The answer is the full set of records, given again exactly and without images.

(Scraped caption text data)
○ ○ ○ ○ ○

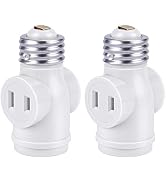 DiCUNO UL Listed E26 to 2 Polarized Outlet Socket Adapter, Standard (Medium) E26 Base Light Bulb ...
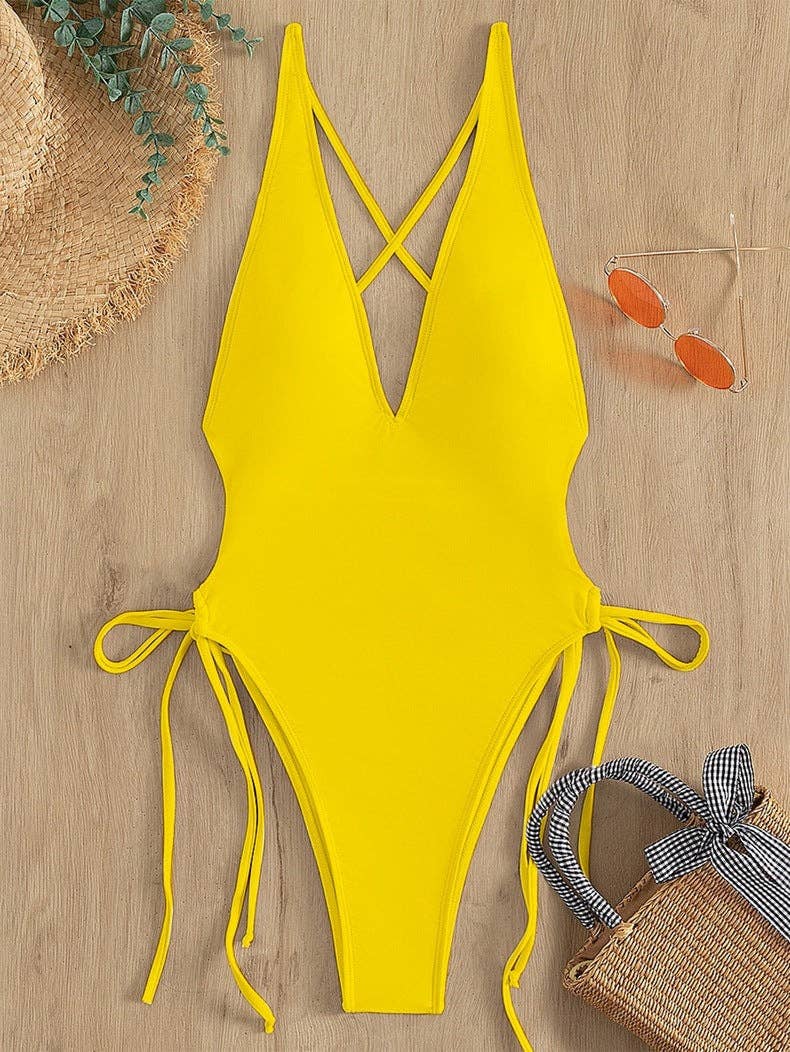 Ladies Solid Color Halter Neck Bikini Set RFD2109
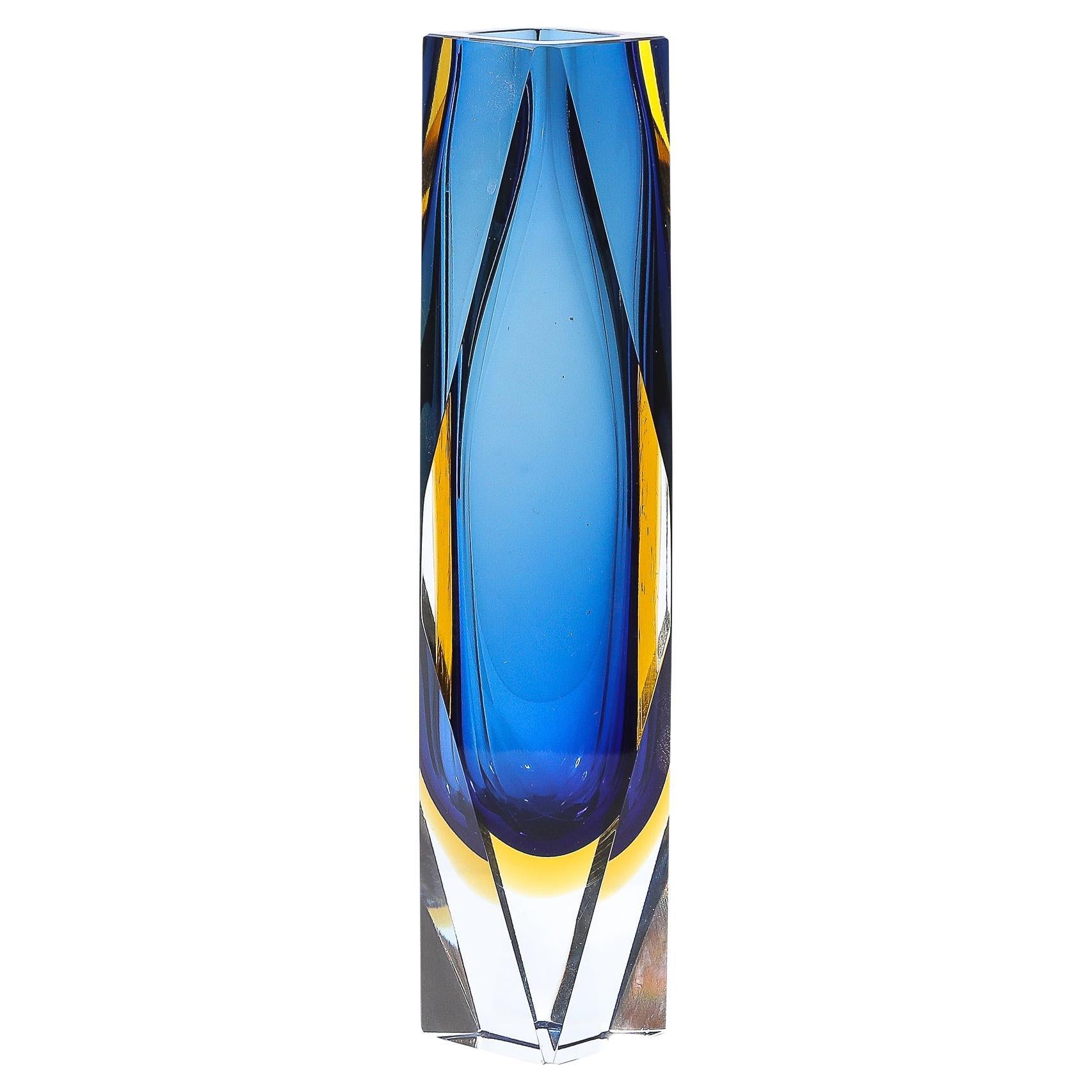 Mid-Century Mandruzzato Faceted Murano Glass Vase in Citrine and Smoked Cerulean
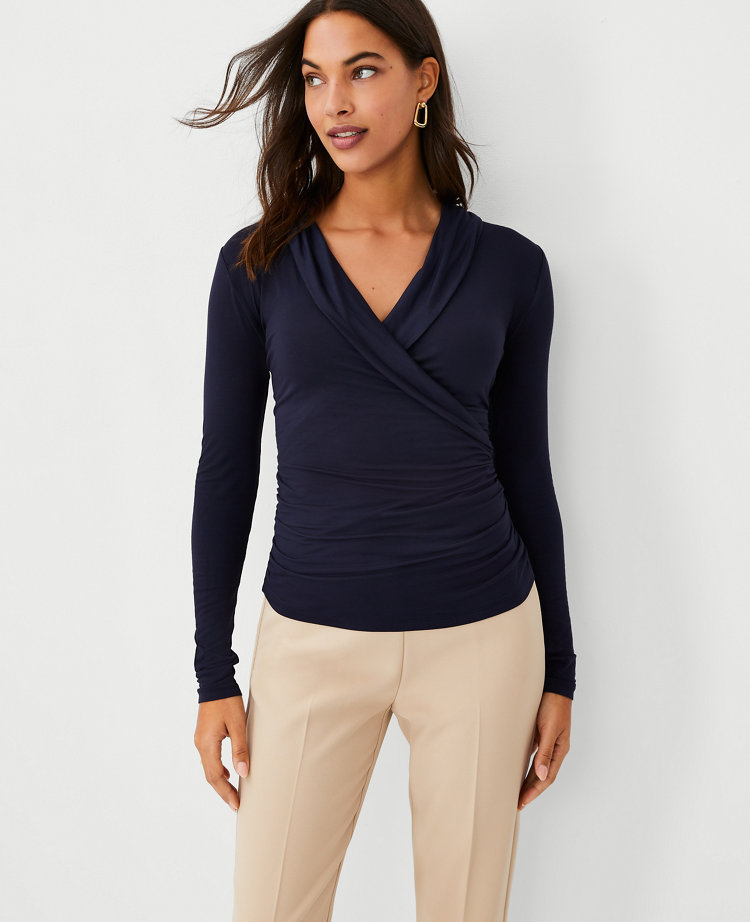 Shawl Collar Wrap Top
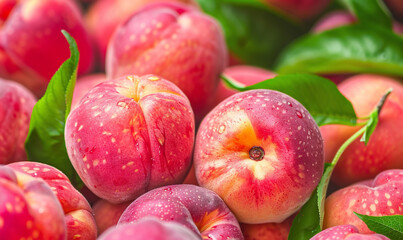 Background with juicy pink peaches, texture of delicious sweet peaches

○ ○ ○ ○ ○

FINISHED EXERCISE.
 DiCUNO UL Listed E26 to 2 Polarized Outlet Socket Adapter, Standard (Medium) E26 Base Light Bulb ...
 Ladies Solid Color Halter Neck Bikini Set RFD2109
 Mid-Century Mandruzzato Faceted Murano Glass Vase in Citrine and Smoked Cerulean
 Shawl Collar Wrap Top
 Background with juicy pink peaches, texture of delicious sweet peaches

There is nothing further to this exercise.